A simple DIY option works fine too. Drill ventilation holes in the sides and lid of an opaque plastic storage bin (8 to 14 gallons), plus a few small drainage holes in the bottom. Place a tray underneath to catch any liquid that drains out.
Preparing the Bedding
Bedding is the carbon-rich “brown” material that gives worms a habitat and balances the nitrogen in your food scraps. You want roughly 30 parts carbon material to every 1 part nitrogen-rich food waste. Good bedding materials include shredded newspaper, cardboard, paper bags, dry leaves, straw, aged grass clippings, and sawdust from untreated wood. Avoid glossy or coated paper.
Shred or tear your bedding into small pieces to increase surface area. Then soak it in water and wring it out until it feels like a damp sponge. That moisture level, around 70% to 85%, is critical. Too dry and the worms can’t breathe through their skin. Too wet and the bin goes anaerobic, producing foul smells. Fill your bin about three-quarters full with this damp bedding, then fluff it up so air can circulate. Toss in a handful of soil or finished compost to introduce beneficial microbes, and your bin is ready for worms.
What to Feed (and What to Avoid)
Worms eat most fruit and vegetable scraps: apple cores, banana peels, melon rinds, lettuce, carrot tops, coffee grounds and filters, tea bags, and plain cooked grains like rice (without oil). Crushed eggshells are a great addition because they add calcium and help keep the bin’s pH balanced.

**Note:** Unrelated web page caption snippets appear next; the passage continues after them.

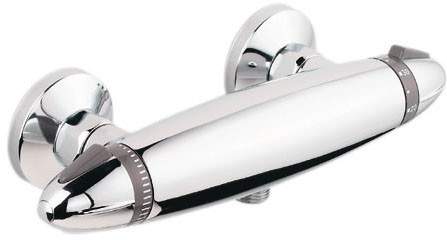 Deva Thermostatic Axis Thermostatic Shower Valve (Chrome).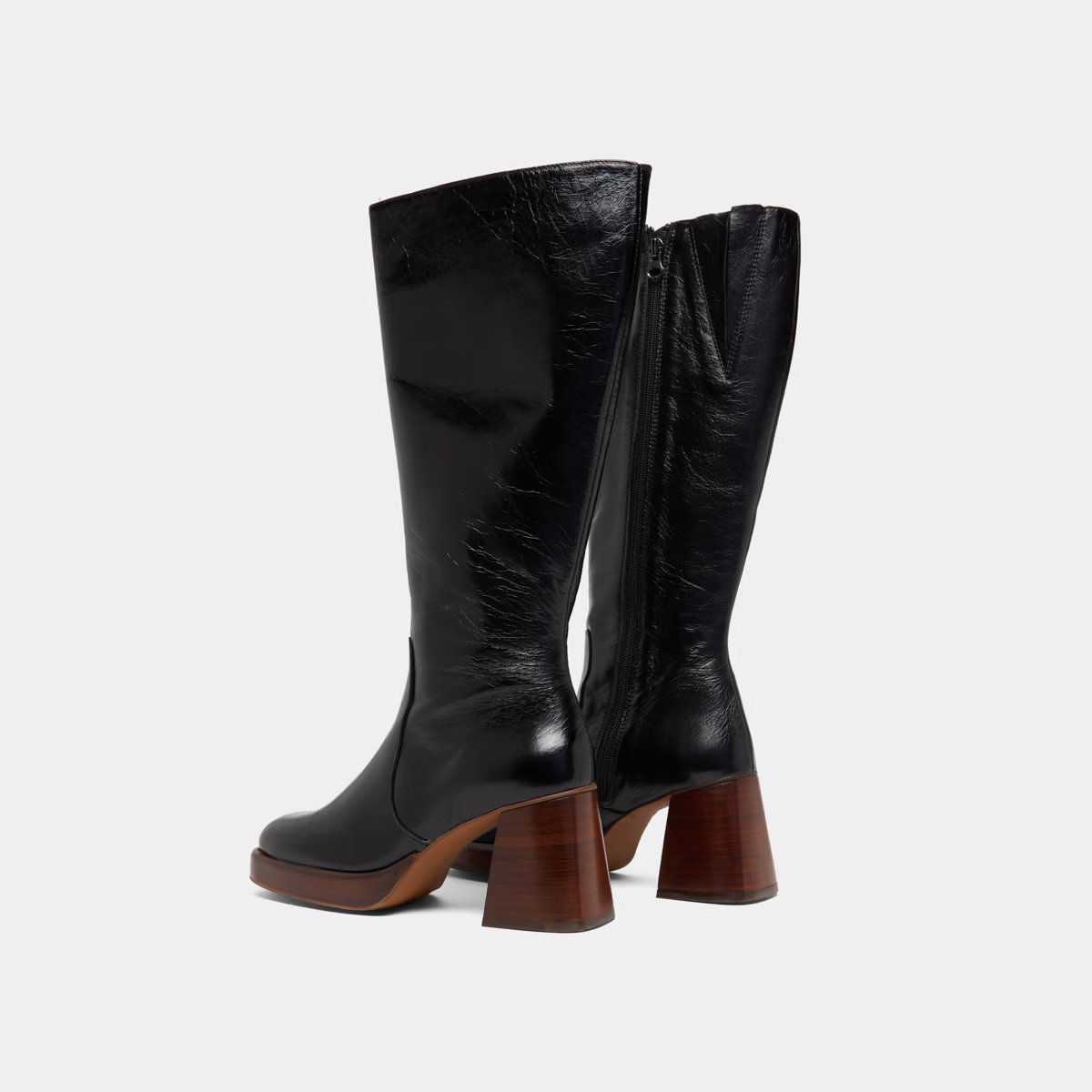 Bottes à plateformes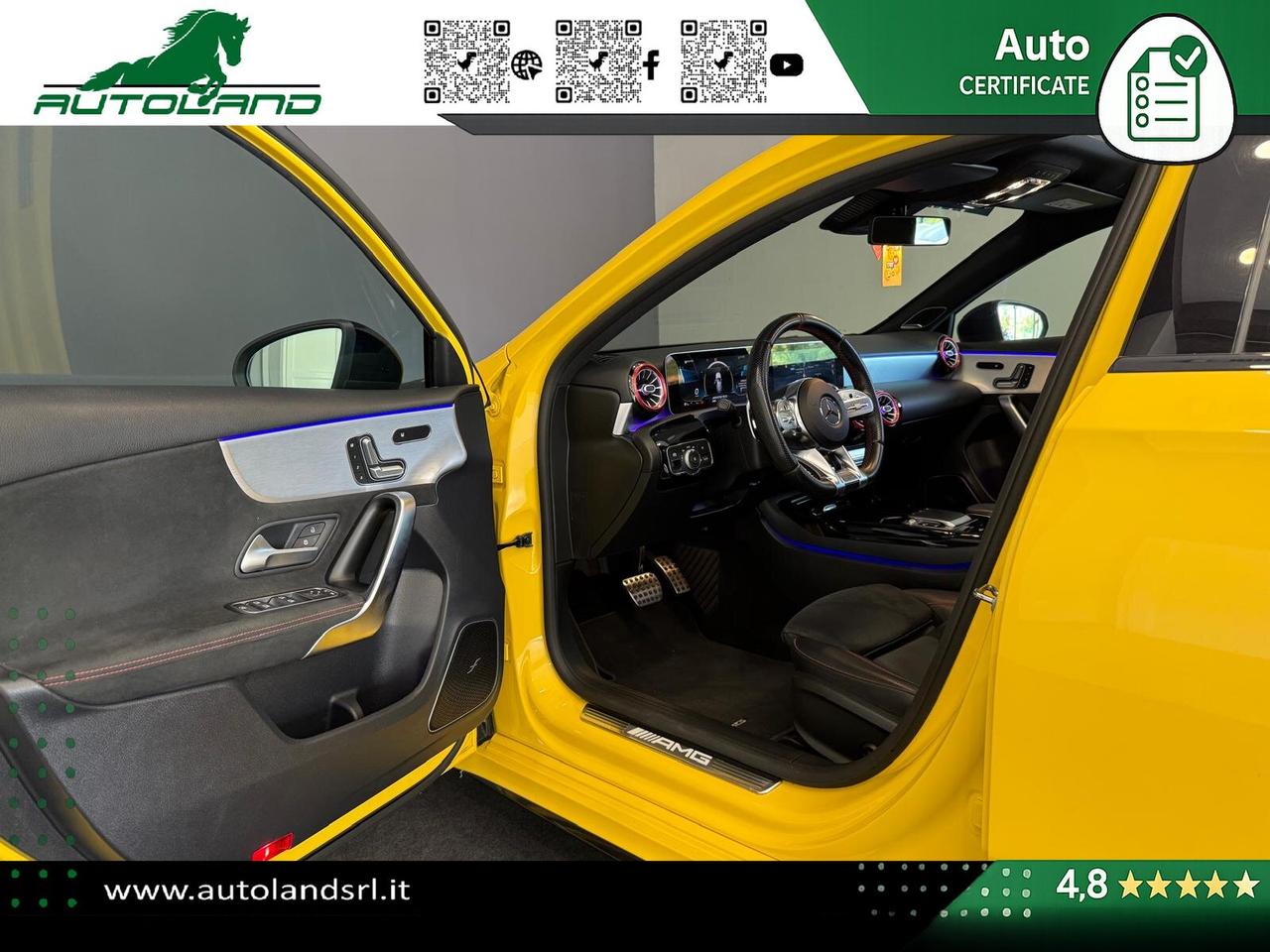Mercedes A 35 AMG 4Matic 7G-DCT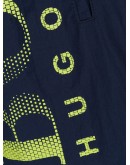logo-print swim shorts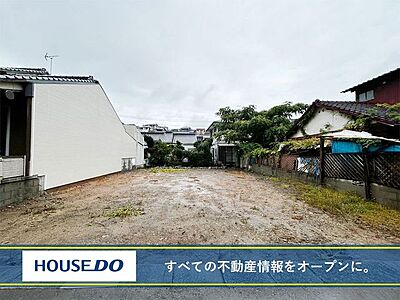 外観:【若松区中畑町 売土地】建築条件無し♪更地♪スーパーまで徒歩約6分♪ 外観:【若松区中畑町 売土地】建築条件無し♪更地♪スーパーまで徒歩約6分♪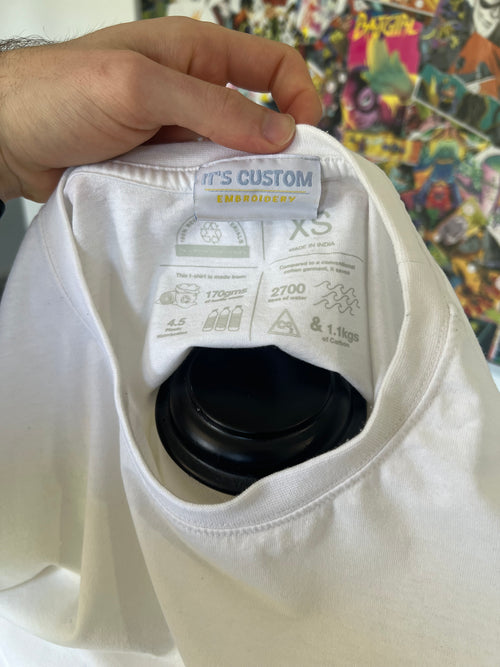"I ❤️ TS" Upcycled Classic T-Shirt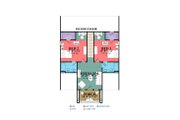 Craftsman Style House Plan - 3 Beds 3 Baths 2296 Sq/Ft Plan #63-380 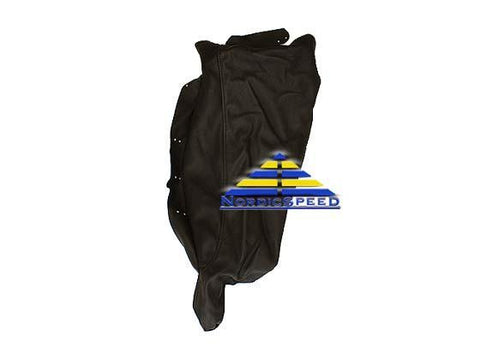 Leather Seat Cover B10 5D Black Rear RH Passenger Side Upholstery OEM SAAB-12779361-NordicSpeed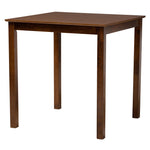 Load image into Gallery viewer, Baxton Studio Olympia Modern Grey Fabric And Walnut Brown Finished Wood 5-Piece Pub Set
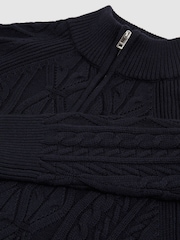 Reiss Navy Oe Lancashire - Image 6 of 6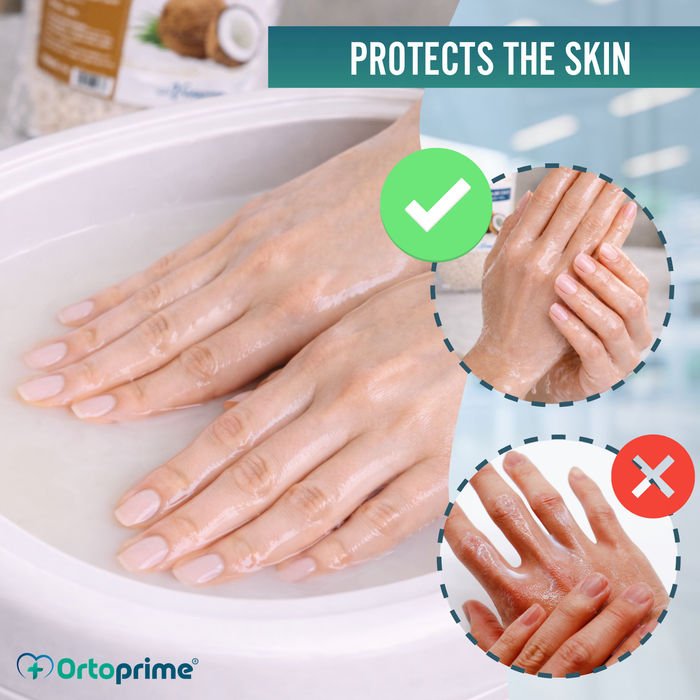 Antioxidant Rehabilitation Paraffin for Hands and Feet | Coconut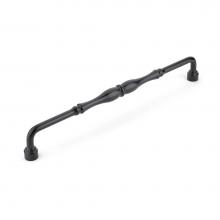 Schaub and Company 7495-FB - Appliance Pull, Flat Black, 15'' cc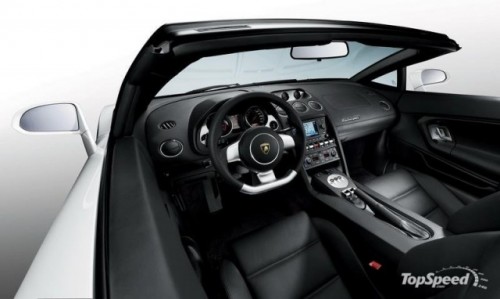 2009 Lamborghini Gallardo LP 560-4 Spyder2952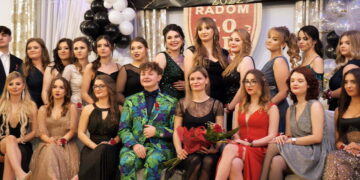 Tak na swojej studniowce bawili się uczniowie II Liceum Ogólnokształcące im. Marii Konopnickiej w Radomiu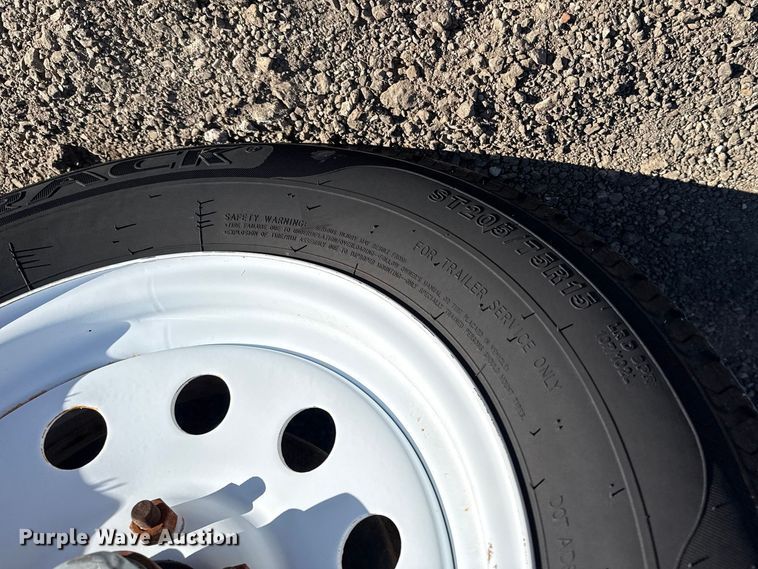 image for item EG2151 2008 Carry-on utility trailer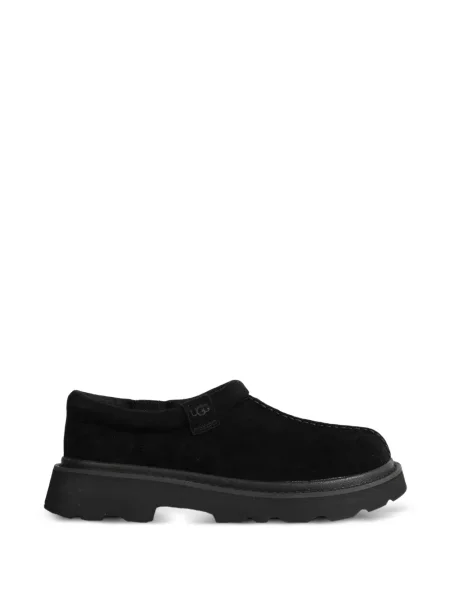 Papuci tip mules Ugg negru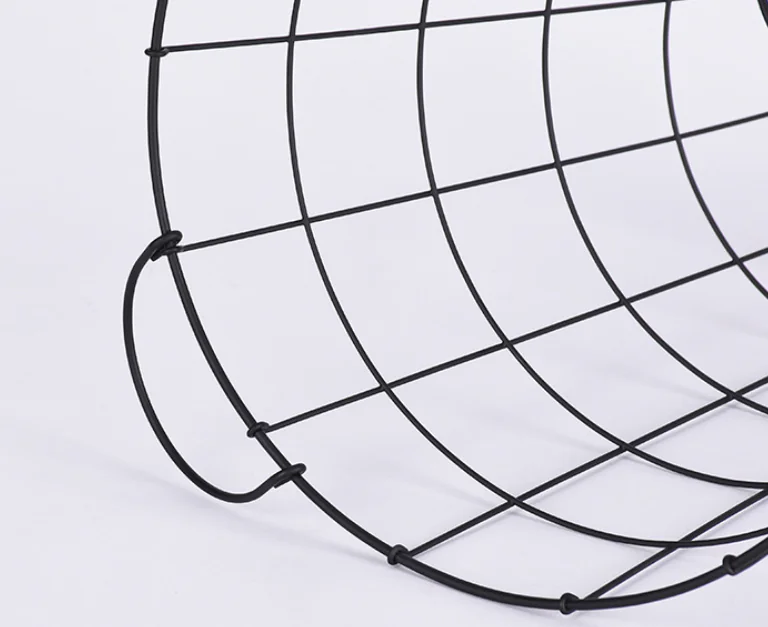 Iron Wire Laundry Basket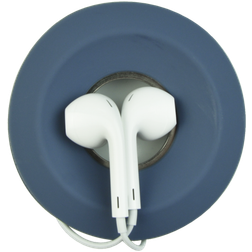 Grab n Go Cable Winder Headset-Kabel-Organizer - Grau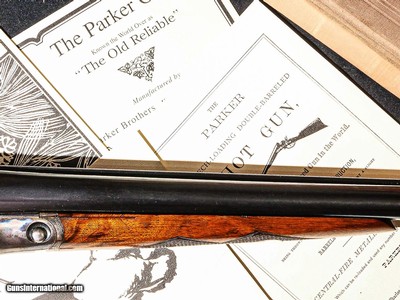 Parker - VH Grade, SxS, 99% Original Case Color, Double Trigger, 12ga. 30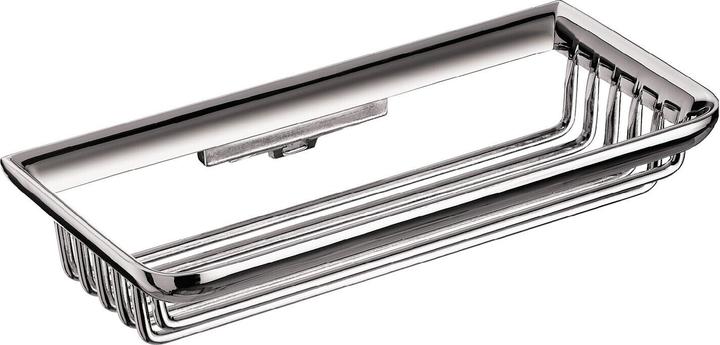 Actual product image Emco Sponge basket SYSTEM 2 m verd Wall mounting removable chrome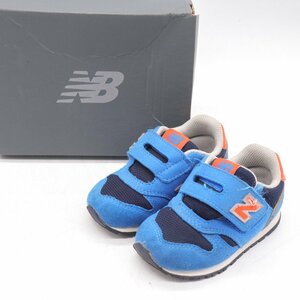 ニューバランス スニーカー 靴 シューズ ベビー女の子用 ベビー 男の子用 13cmサイズ ブルー NEW BALANCE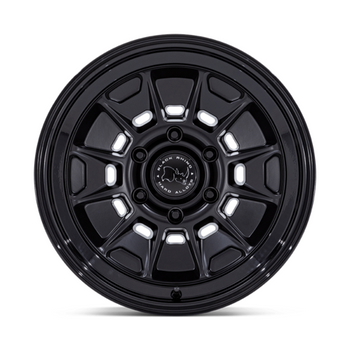 MONDO 18X9 6X5.5 106 +12 M-BLK GB-LP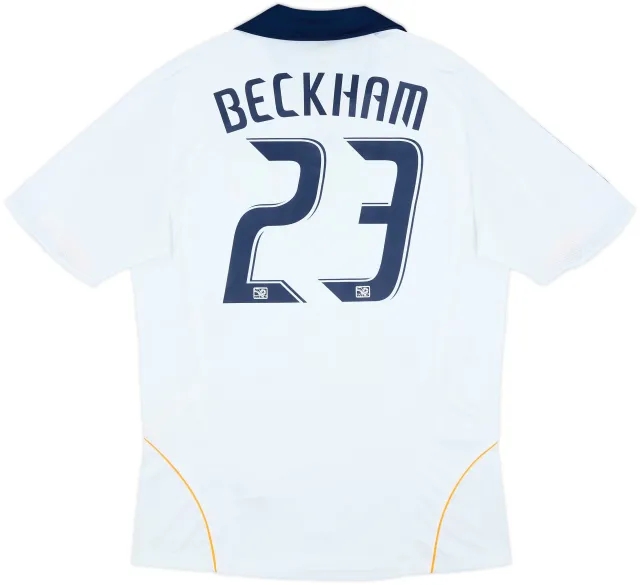 adidas LA Galaxy Mens SS Home Shirt 2008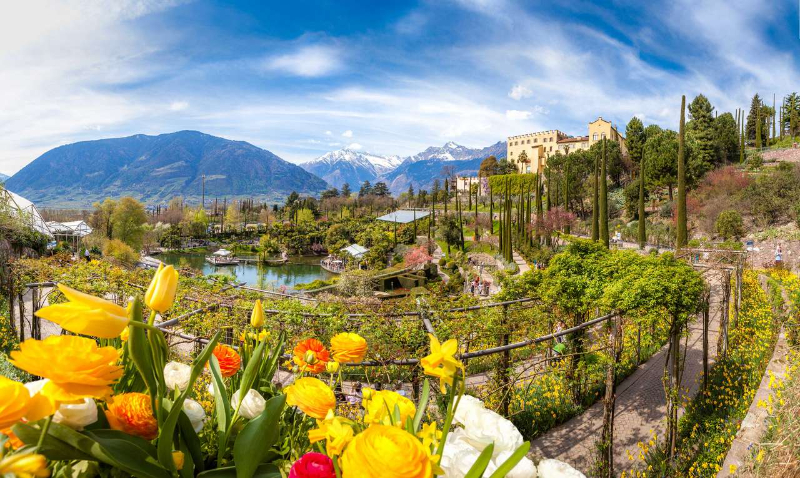 Сады Кастэль Трауттмансдорф - Merano | Secret World Trip Planner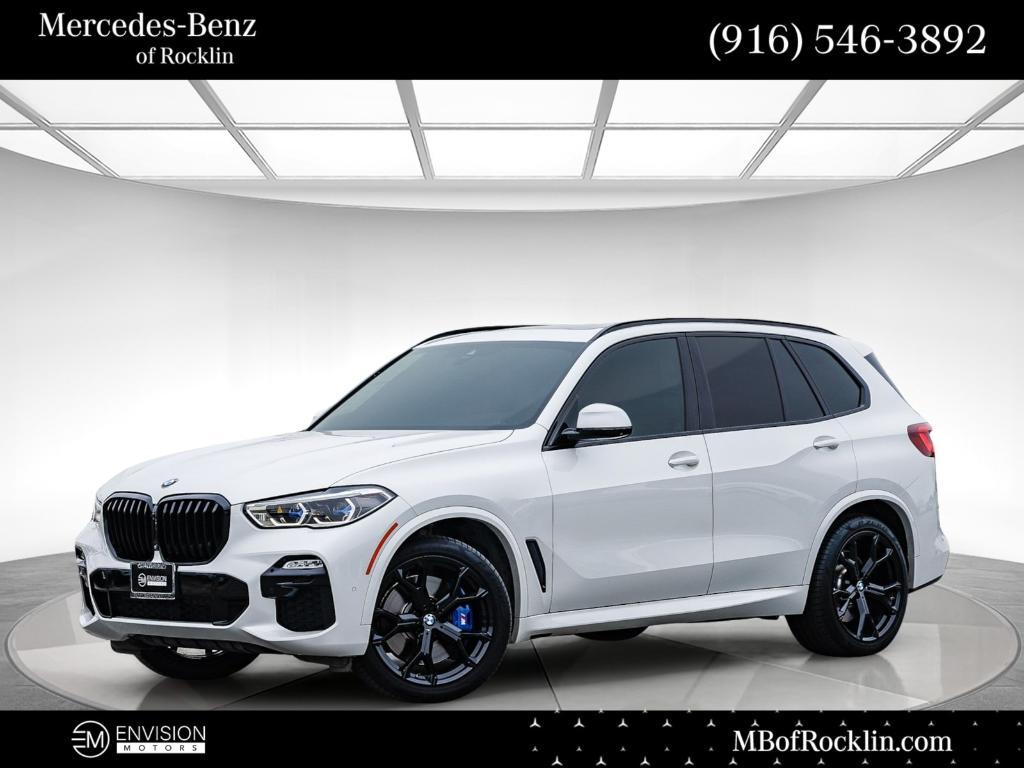 used 2020 BMW X5 car, priced at $39,339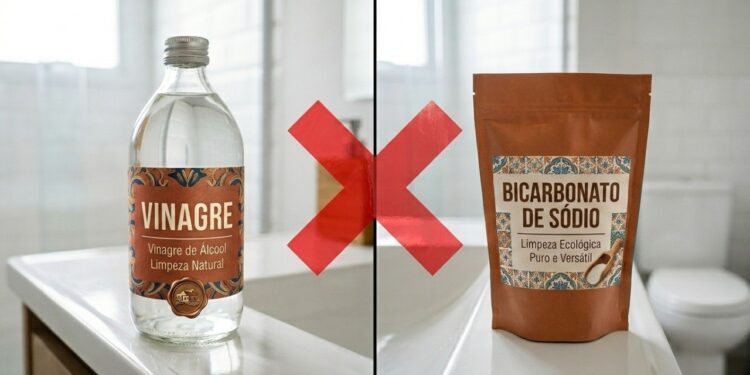 Nem vinagre nem bicarbonato: o ingrediente caseiro ideal para tirar o calcário e as manchas do vaso em poucos minutos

Avoid these items, which either harm the worms, create odor problems, or attract pests:
- Meat and dairy attract rodents and flies and can go rancid
- Oils, butter, and greasy foods coat worm skin and block oxygen absorption
- Citrus rinds and pineapple are too acidic
- Onions, garlic, leeks, and hot peppers contain compounds that repel or irritate worms
- Spicy, pickled, or vinegar-soaked foods disrupt pH
- Cruciferous vegetables like broccoli and cabbage produce strong odors as they break down
A good rule of thumb: worms can eat roughly half their body weight in food per day. A pound of worms processes about half a pound of scraps daily. Start conservatively and increase as the population grows. Always bury food scraps under a few inches of bedding rather than leaving them exposed on the surface.
Maintaining the Right Conditions
Three factors determine whether your worms thrive or struggle: temperature, moisture, and pH.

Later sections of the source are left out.